**EXERCISE**. Beginning with the line that contains "25-75 x 100", transcribe the rest of the listing below exactly, including its last line, and exclude any pictures.

..............................

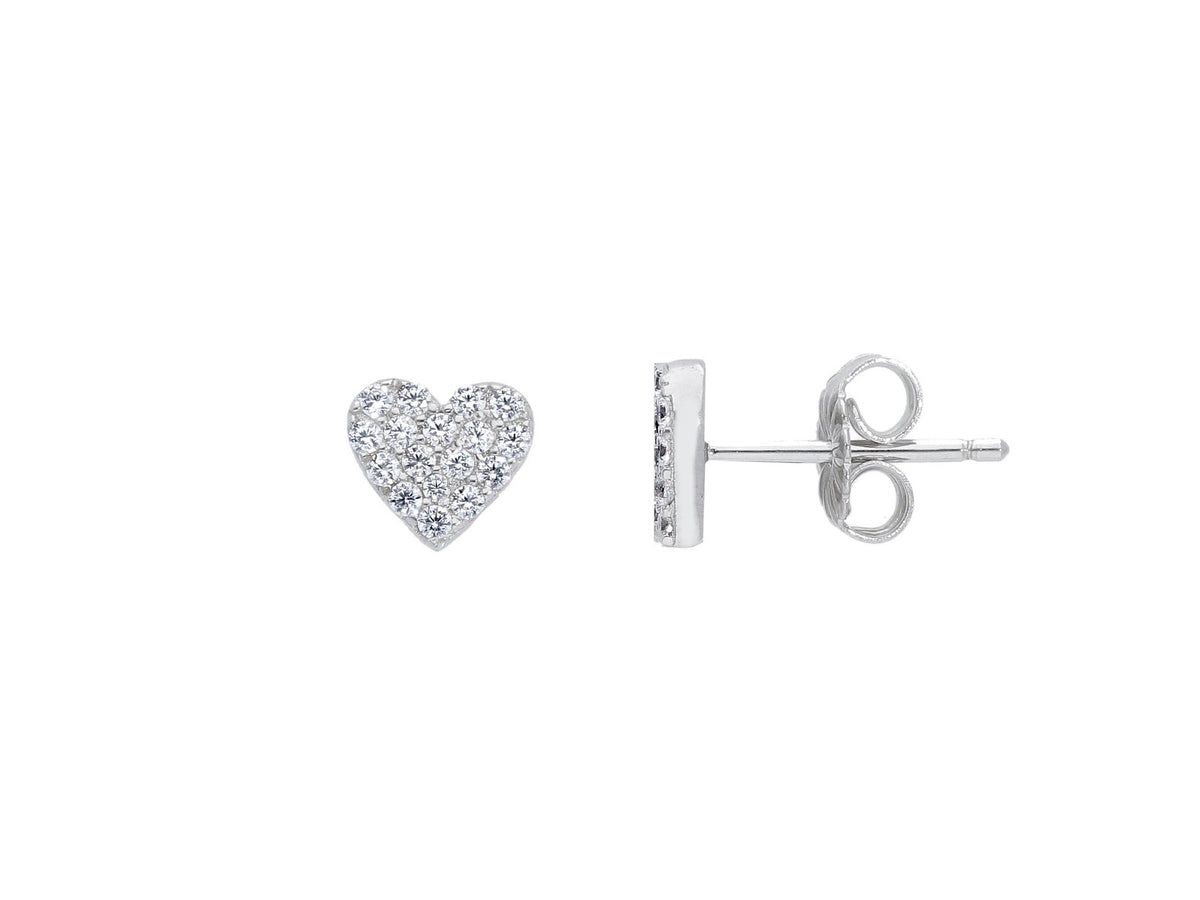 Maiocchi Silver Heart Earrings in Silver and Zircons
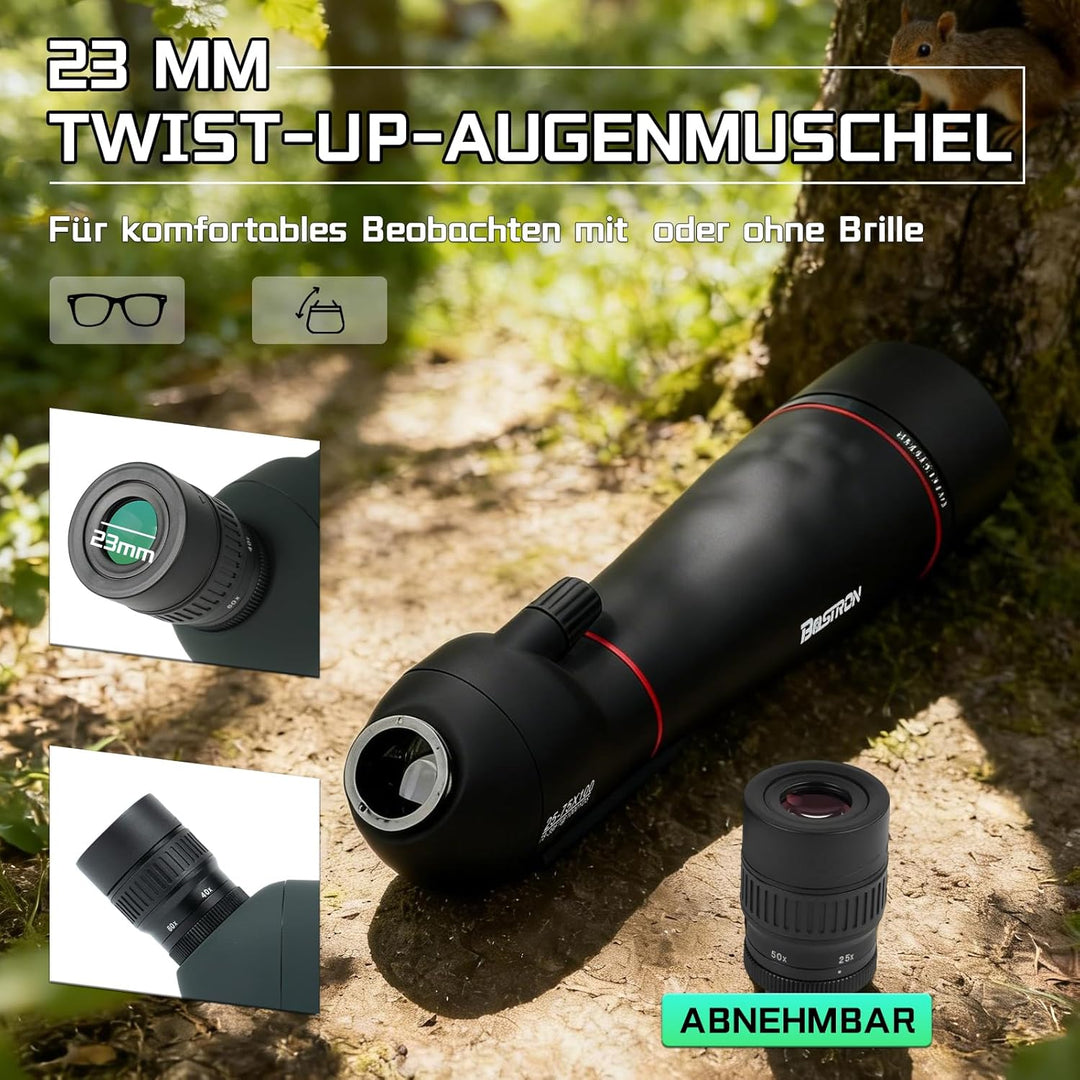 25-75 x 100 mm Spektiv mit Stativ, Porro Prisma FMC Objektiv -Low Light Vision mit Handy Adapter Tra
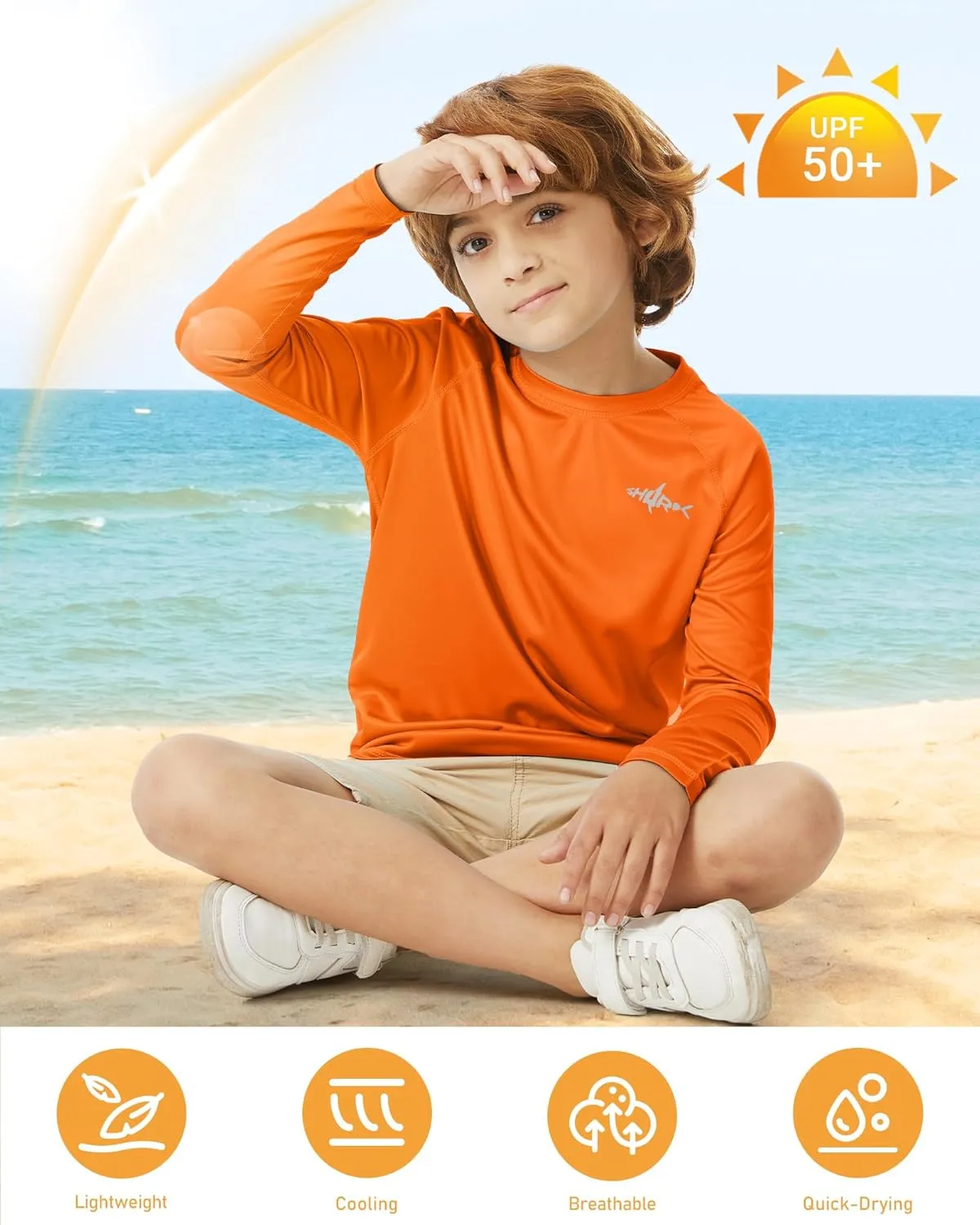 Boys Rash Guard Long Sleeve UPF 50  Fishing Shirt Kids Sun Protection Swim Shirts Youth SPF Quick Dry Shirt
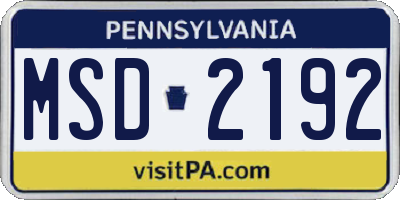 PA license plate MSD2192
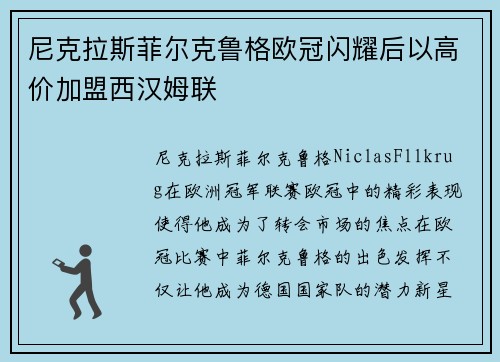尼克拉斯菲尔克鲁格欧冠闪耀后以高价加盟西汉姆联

..............................

**RESULT BELOW**.
 25-75 x 100 mm Spektiv mit Stativ, Porro Prisma FMC Objektiv -Low Light Vision mit Handy Adapter Tra
 Boys Rash Guard Long Sleeve UPF 50  Fishing Shirt Kids Sun Protection Swim Shirts Youth SPF Quick Dry Shirt
 PA license plate MSD2192
尼克拉斯菲尔克鲁格欧冠闪耀后以高价加盟西汉姆联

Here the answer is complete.